Major funders like USAID and DFID should be able to do better than simply improve semi-successful projects. They should be using evaluations to actively decide which types of activities should be prioritized and which have the highest potential to significantly improve lives. But currently, USAID acknowledges that simple improvement to existing projects is their primary objective. Its documentation suggests that the purpose of learning is to allow “those who design and implement projects, and who develop programs and strategies… to refine designs and introduce improvements into future efforts” (2011, p. 3). However, learning how to refine a single project is inadequate. Evaluations that explain why certain projects succeed or fail, build theory, and provide recommendations for overall policies can help refine funders’ understanding of development and social change and help improve policy-making decisions. Understanding why a project works or fails and tying these findings to policy recommendations therefore needs to be intimately tied to the priorities of evaluations and to the working definition of learning.
Literature Reviews as Panacea?
The evaluation documentation of USAID and DFID does reference the idea of understanding why a project succeeded or failed (e.g., USAID 2016, p. 8), but rarely. Instead, the documentation suggests that real learning, the ability to understand what works across contexts, comes from reviews: periodic syntheses of research, reports, evaluations, etc. that allow policymakers, scholars, and practitioners to produce overall lessons accumulated after analyzing many projects. Through such a process, it is suggested, patterns will emerge, and learning will ensue.

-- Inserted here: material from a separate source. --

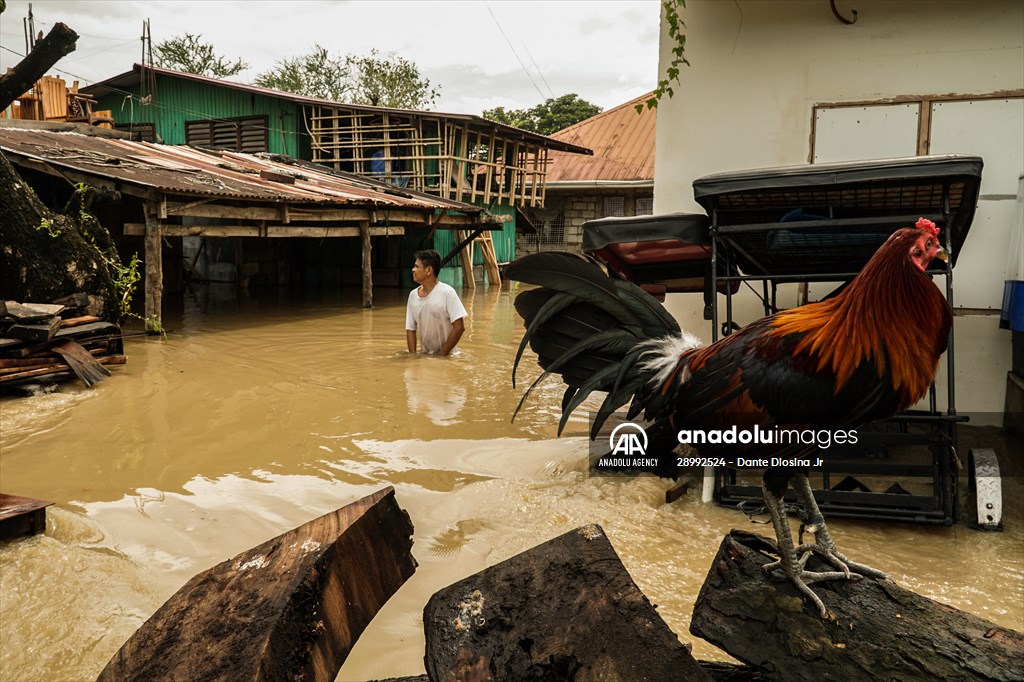Super typhoon Noru hits Philippines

Many of these agencies commission literature reviews for this very end. USAID commissions “systematic reviews” to “synthesize the available research on a specific question” (2016, p. 20); DFID similarly assumes that its learning will take place through “thematic [and] sectoral synthesis” of findings (2014, p. 13). Extending from the assumption above that a proper RBM approach will necessarily lead to learning, the idea here is that looking across a portfolio of projects that have succeeded and failed will provide additional insights into what kinds of approaches are worthwhile.

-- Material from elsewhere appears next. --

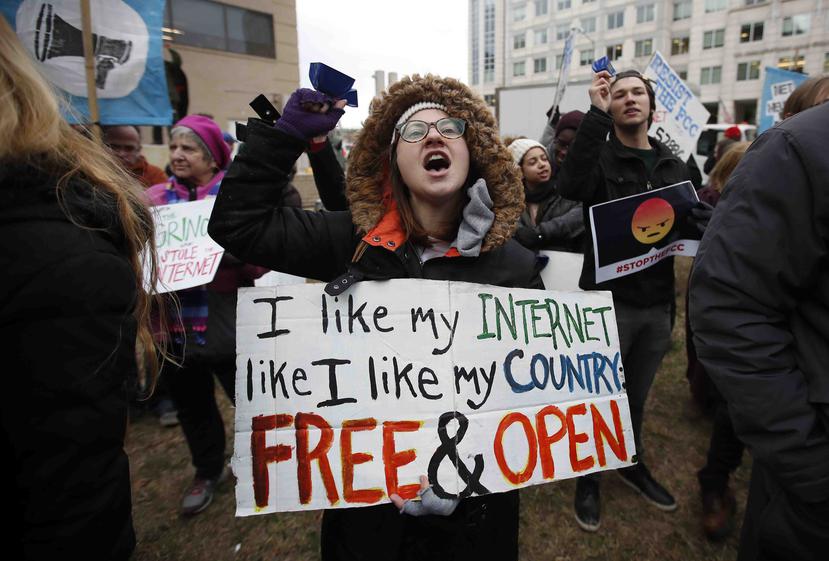 Manifestantes se expresan en contra de la nueva regulación de la FCC. (Archivo)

This is an overly restrictive version of learning for two reasons. First, if evaluations focus on accountability (whether a project succeeded or failed), rather than an understanding of why the project succeeded or failed, there is no reason to believe that looking at many evaluations will bring to light new lessons that did not appear in the evaluations of individual projects. Of course, it is possible that patterns will jump out. (It is possible that the vast majority of four-star chicken parmesan recipes, for example, use parmesan cheese and San Marzano tomatoes. If this were the case, a perceptive reviewer could conclude that these ingredients should be considered default strategies for making chicken parmesan.)
Alas, lessons about development are rarely so obvious. The “ingredients” that go into projects are vastly more complex, and those ingredients interact with the setting in which projects are implemented. Even if there is meticulous monitoring of project inputs and outputs, this is usually insufficient to explain why a complicated human-centered project, such as encouraging people to use condoms, succeeds or fails. Without the why, the lessons extracted from a review are limited.

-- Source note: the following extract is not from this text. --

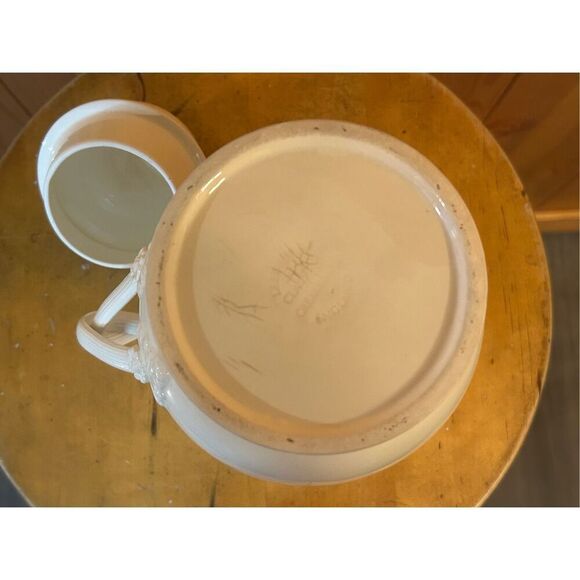 Vintage Leedsware Creamware Coffee Pot with Domed Lid Hand Formed Pattern (8872) - Picture 7 of 9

This is exacerbated by the fact that reviewers find it very difficult to deal with disparate data collection methods when trying to synthesize large numbers of studies. Qualitative evaluation data (such as that stemming from in-depth interviews with project beneficiaries) is particularly problematic, yet qualitative data is often how we best answer questions of “why.” Thus, reviewers often exclude evaluations that rely on qualitative data, designating them as unhelpful. There are a variety of reasons for which reviewers may exclude studies – that the methods are flawed, the location is mismatched to the needs of the reviewer, the questions asked are not pertinent, etc. – but ultimately many studies are eliminated because they are not conducted in a way that helps reviewers synthesize or extract lessons. USAID explicitly states that its systematic reviews are typically only used for randomized controlled trials (USAID n.d.), which by their very design emphasize answering whether a project worked rather than why (Deaton 2009) and tend to de-emphasize qualitative data.
This is not to say that literature reviews are not useful, or that patterns do not emerge. Sometimes literature reviews reveal important patterns. But reviewers are neither clairvoyants nor magicians; they cannot see, nor draw conclusions about, what is not suggested or addressed in individual reports. If evaluations are focused exclusively on whether or not projects work, it is too easy for evaluations to simply become a series of case studies – disconnected project reports that hint at larger lessons about aid but make it difficult for reviewers to connect the dots.
It is often argued that evaluators can make connecting the dots easier for those conducting literature reviews by using common indicators. For example, if all projects dealing with promoting safe sex were encouraged to measure the “number of people reporting that they practice safe sex,” it would be easier to make comparisons across projects. However, this method still does little to explain why particular efforts work in particular contexts. (Instead, a more helpful strategy might be to make discussions of why more meaningful and useful – an idea discussed in the next section.)
It is not only literature reviewers that have trouble using evaluations and other studies of development efforts to improve general understanding of development and development policy. A study conducted by Kogen et al. (2012), which surveyed and interviewed policymakers and practitioners working in communication and development, found that overall, policymakers felt that the available literature was impractical. They stated a preference for “research findings [that] are translated into clearly–articulated [sic] and replicable recommendations” (2012, p. 3). In survey responses, policymakers scored the “usefulness” of existing evidence relating to the role of media and communication in development at a mere 3.2 out of 5 (close to neutral) and, on average, said they “sometimes” consult it. This does not bode well for a field such as CDS that is trying to achieve greater inroads into policymaking and convince policymakers of its usefulness. (Indeed, many policymakers are not even sure what CDS is (Feek and Morry 2009; Lennie and Tacchi 2015).) The inattention to larger policy recommendations is not limited to CDS work. Even when it comes to randomized controlled trials in various fields of development, policymakers often find results to be of little practical use, stating a preference for lessons beyond whether or not an individual intervention worked (Ravallion 2009, p. 2).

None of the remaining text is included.